▶ **WORK REQUIRED**
Extract verbatim every line from the one containing "SC license plate ZUS998" to the final line of the records below, inclusive, and exclude all pictures.

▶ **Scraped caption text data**
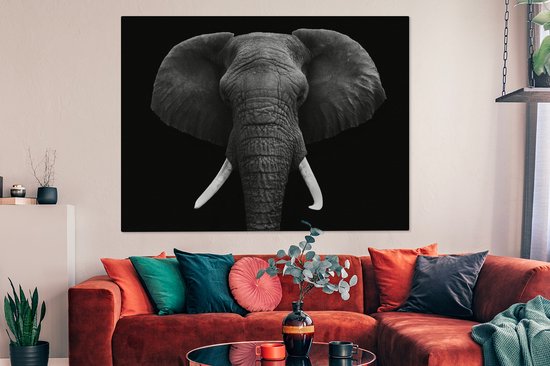 Toile - Animaux - Éléphant - Zwart - Wit - Décoration Décoration murale - 160x120 cm - Photo sur toile - Peintures sur toile salon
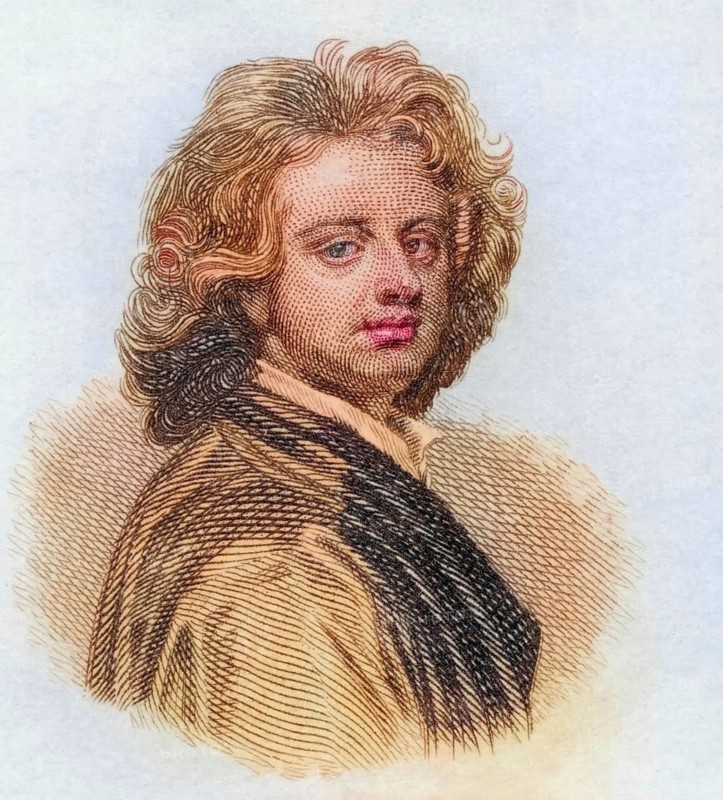 Godfrey Kneller, Gottfried Kniller, 1st Baronet, (born 8 August 1646 in Lübeck, died 19 October 1723 in London) was a German-British portrait painter and court artist, coloured woodcut from Crabbe's Historical Dictionary from 1825, Historical, digital reproduction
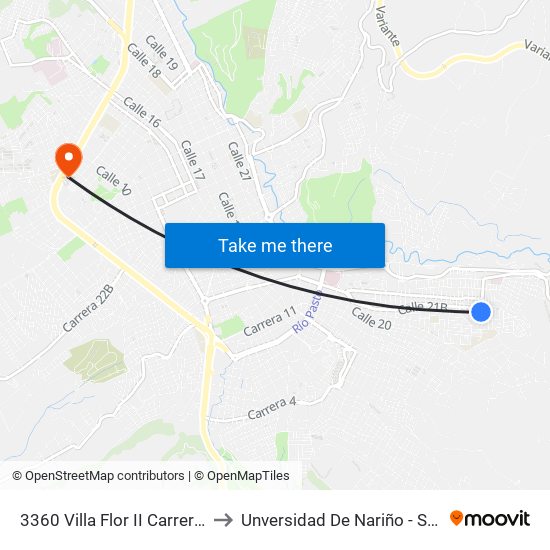 3360 Villa Flor II Carrera 9 Este to Unversidad De Nariño - Sede Vipri map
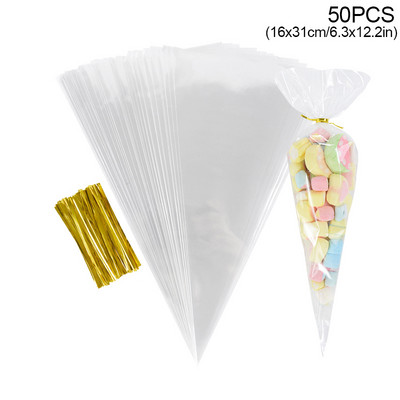 50 бр. Прозрачна целофанова торбичка за бонбони Прозрачна конусна торбичка за опаковане Сватба, рожден ден Сувенири Консумативи за опаковане Пуканки Найлонова торбичка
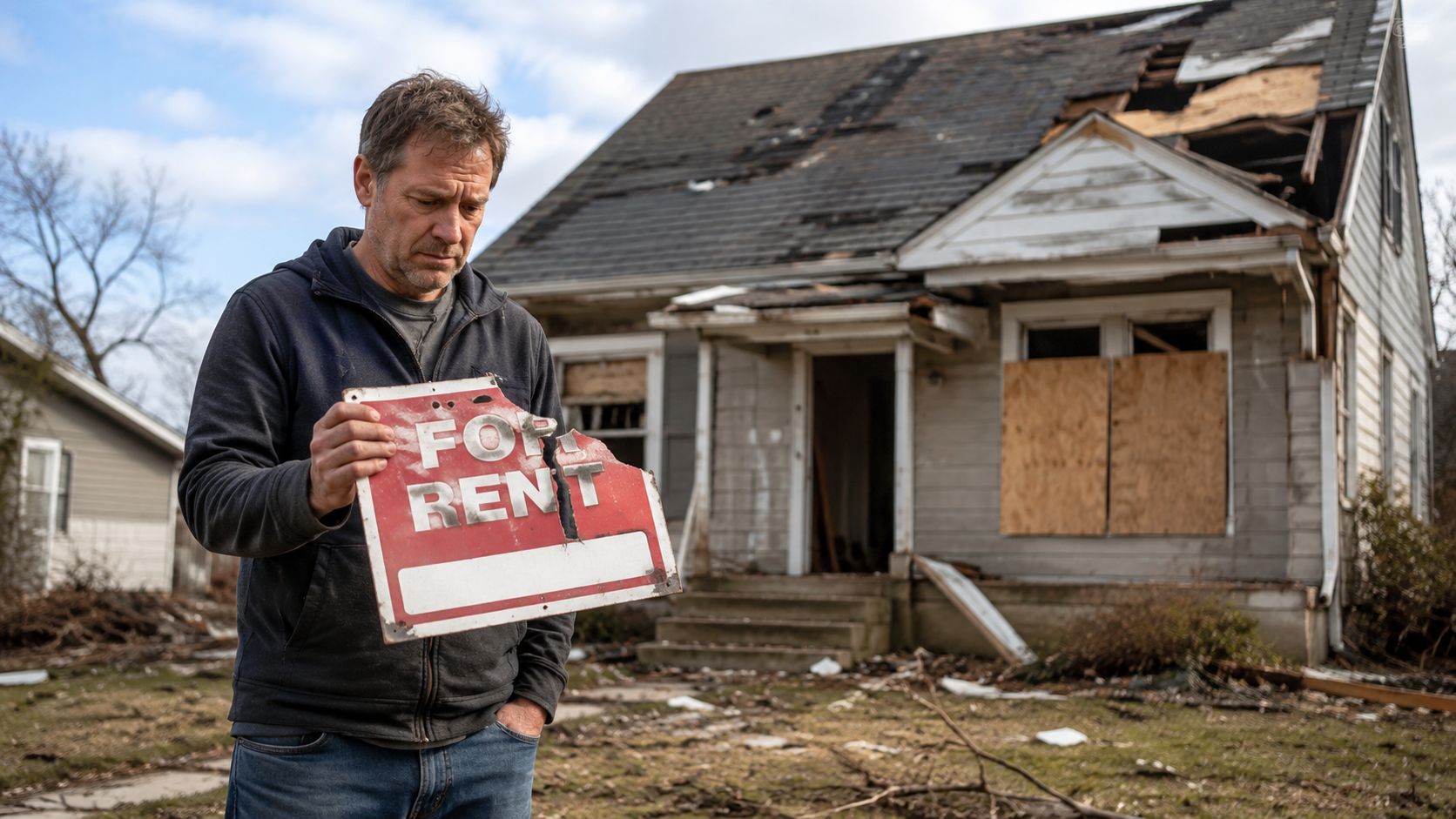 A man holding a damaged For Rent sign in front of a ruined, storm-damaged house.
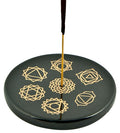 Seven Chakra in Gold Incense Stick Burner/Altar Tile – 3"D – Sold Individually — view 1
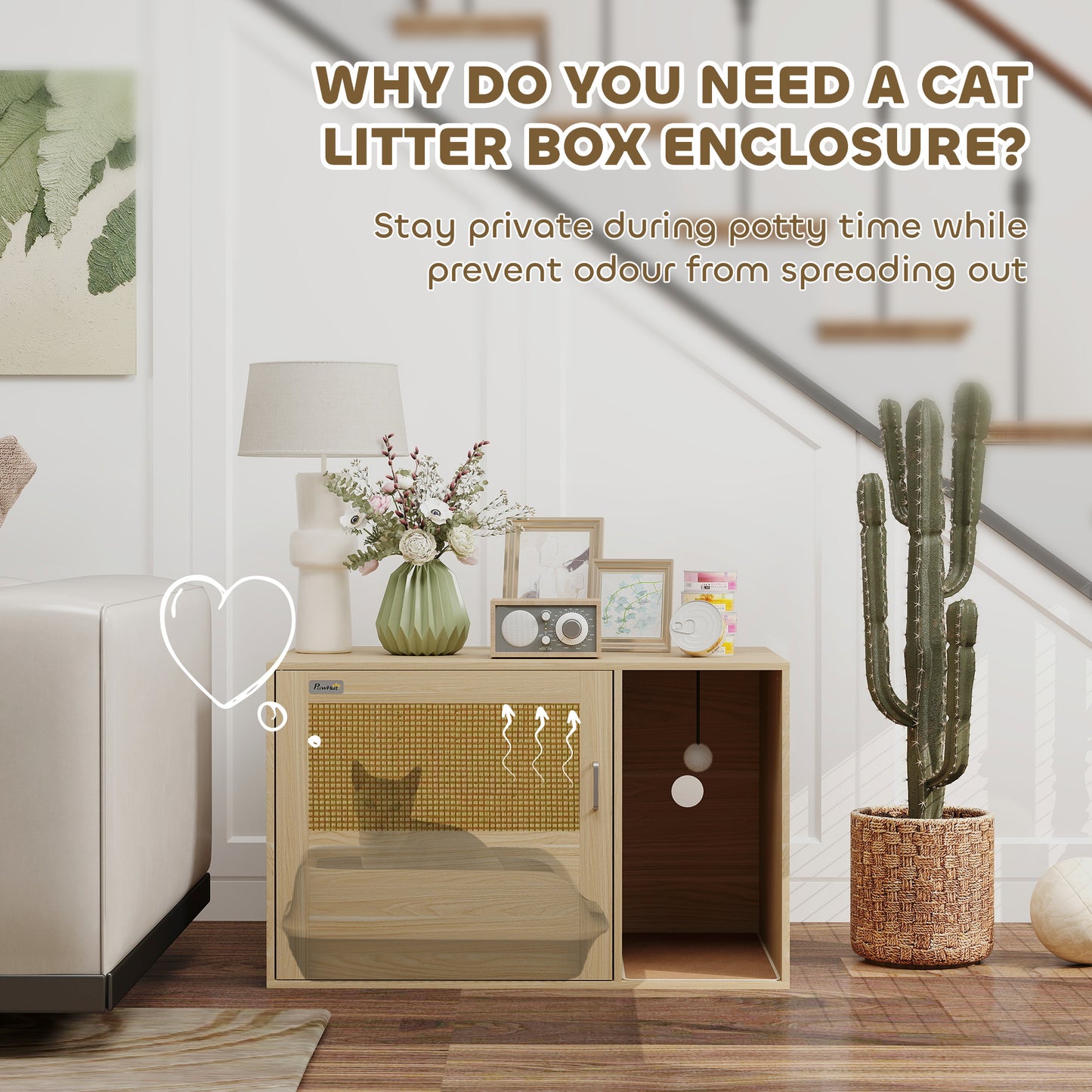 PawHut Boho Style Cat Litter Box Enclosure with Rattan Door, Scratching Mat, Non-slip Foot Pads, 31.5" x 20" x 20"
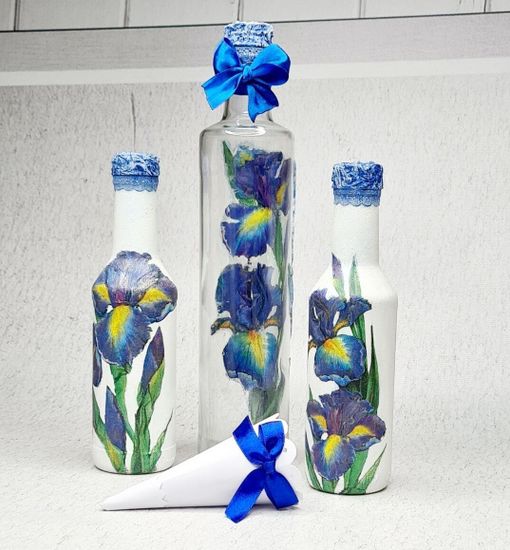 Песочная церемония, комплект 3 сосуда с крышками, воронка, песок (розовый и бирюзовый)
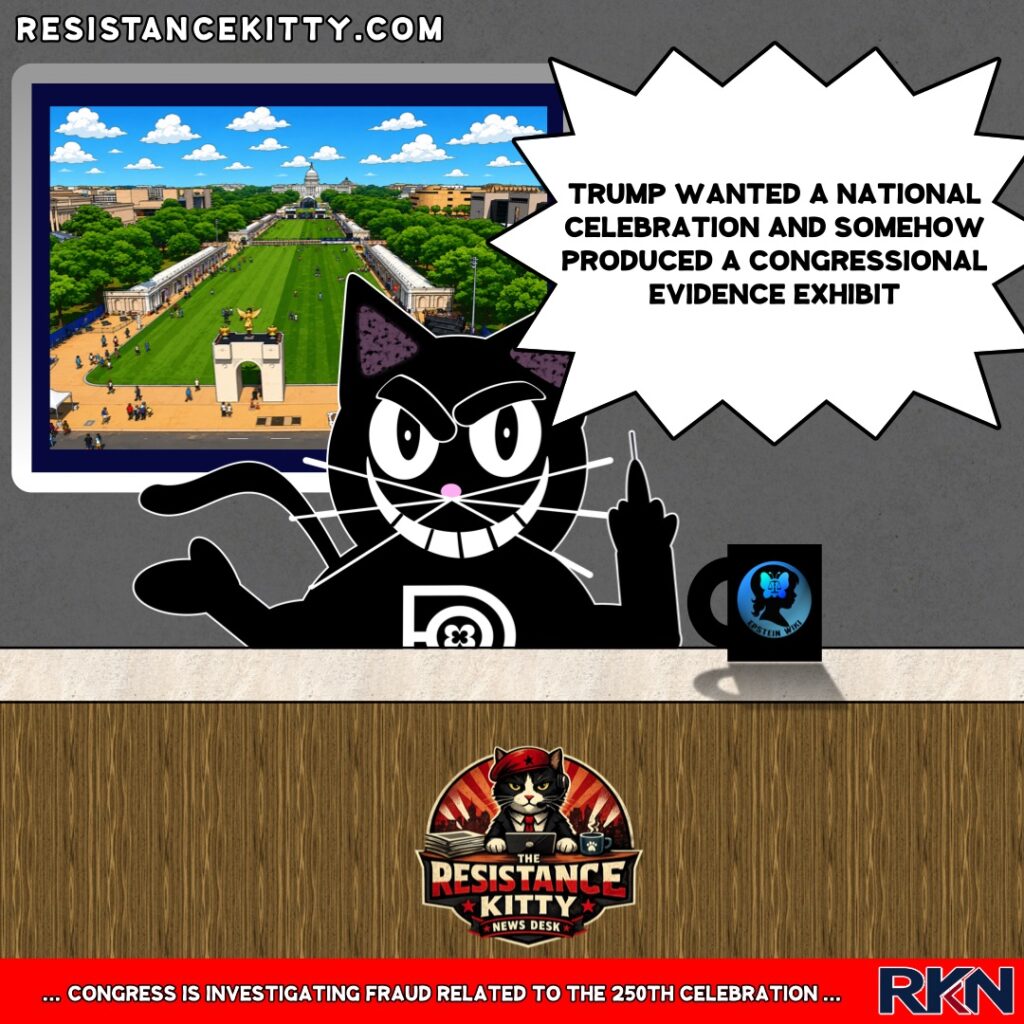 Resistance Kitty says, “Trump wanted a national celebration and somehow produced a congressional evidence exhibit”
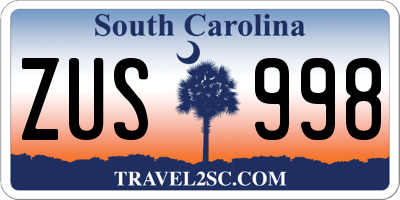 SC license plate ZUS998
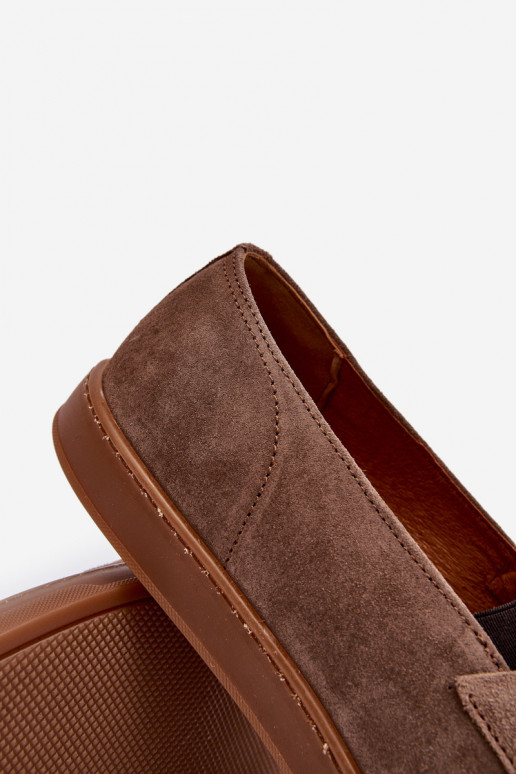 pánske zo semišu Mokasíny topánky Zazoo 1566 Hnedá farba pánske zo semišu Mokasíny topánky Zazoo 1566 Hnedá farba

▶ **ANSWER TO THIS EXERCISE**
 SC license plate ZUS998
 pánske zo semišu Mokasíny topánky Zazoo 1566 Hnedá farba pánske zo semišu Mokasíny topánky Zazoo 1566 Hnedá farba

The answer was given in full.